### AIM OF THE EXERCISE
Every entry that appears below is to be output exactly.

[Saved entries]

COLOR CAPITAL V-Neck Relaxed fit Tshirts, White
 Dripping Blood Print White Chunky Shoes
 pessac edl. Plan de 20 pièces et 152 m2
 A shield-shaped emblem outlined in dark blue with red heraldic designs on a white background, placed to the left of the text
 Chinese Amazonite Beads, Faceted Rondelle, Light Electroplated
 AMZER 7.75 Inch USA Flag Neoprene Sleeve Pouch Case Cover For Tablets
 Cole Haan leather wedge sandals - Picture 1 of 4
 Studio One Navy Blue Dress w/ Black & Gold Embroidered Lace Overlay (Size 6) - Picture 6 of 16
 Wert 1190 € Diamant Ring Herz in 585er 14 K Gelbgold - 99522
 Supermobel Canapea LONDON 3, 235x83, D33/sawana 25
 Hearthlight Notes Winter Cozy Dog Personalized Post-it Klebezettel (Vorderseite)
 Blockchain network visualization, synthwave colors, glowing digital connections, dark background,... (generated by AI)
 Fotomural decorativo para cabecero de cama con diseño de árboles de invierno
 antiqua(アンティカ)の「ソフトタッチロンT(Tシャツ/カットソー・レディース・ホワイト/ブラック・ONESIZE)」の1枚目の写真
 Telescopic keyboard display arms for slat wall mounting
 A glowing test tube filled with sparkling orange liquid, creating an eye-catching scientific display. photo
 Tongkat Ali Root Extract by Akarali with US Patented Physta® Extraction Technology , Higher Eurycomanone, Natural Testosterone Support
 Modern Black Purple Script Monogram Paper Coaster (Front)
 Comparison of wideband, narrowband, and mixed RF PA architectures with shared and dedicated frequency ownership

### SOLUTION FOR THIS EXERCISE
COLOR CAPITAL V-Neck Relaxed fit Tshirts, White
 Dripping Blood Print White Chunky Shoes
 pessac edl. Plan de 20 pièces et 152 m2
 A shield-shaped emblem outlined in dark blue with red heraldic designs on a white background, placed to the left of the text
 Chinese Amazonite Beads, Faceted Rondelle, Light Electroplated
 AMZER 7.75 Inch USA Flag Neoprene Sleeve Pouch Case Cover For Tablets
 Cole Haan leather wedge sandals - Picture 1 of 4
 Studio One Navy Blue Dress w/ Black & Gold Embroidered Lace Overlay (Size 6) - Picture 6 of 16
 Wert 1190 € Diamant Ring Herz in 585er 14 K Gelbgold - 99522
 Supermobel Canapea LONDON 3, 235x83, D33/sawana 25
 Hearthlight Notes Winter Cozy Dog Personalized Post-it Klebezettel (Vorderseite)
 Blockchain network visualization, synthwave colors, glowing digital connections, dark background,... (generated by AI)
 Fotomural decorativo para cabecero de cama con diseño de árboles de invierno
 antiqua(アンティカ)の「ソフトタッチロンT(Tシャツ/カットソー・レディース・ホワイト/ブラック・ONESIZE)」の1枚目の写真
 Telescopic keyboard display arms for slat wall mounting
 A glowing test tube filled with sparkling orange liquid, creating an eye-catching scientific display. photo
 Tongkat Ali Root Extract by Akarali with US Patented Physta® Extraction Technology , Higher Eurycomanone, Natural Testosterone Support
 Modern Black Purple Script Monogram Paper Coaster (Front)
 Comparison of wideband, narrowband, and mixed RF PA architectures with shared and dedicated frequency ownership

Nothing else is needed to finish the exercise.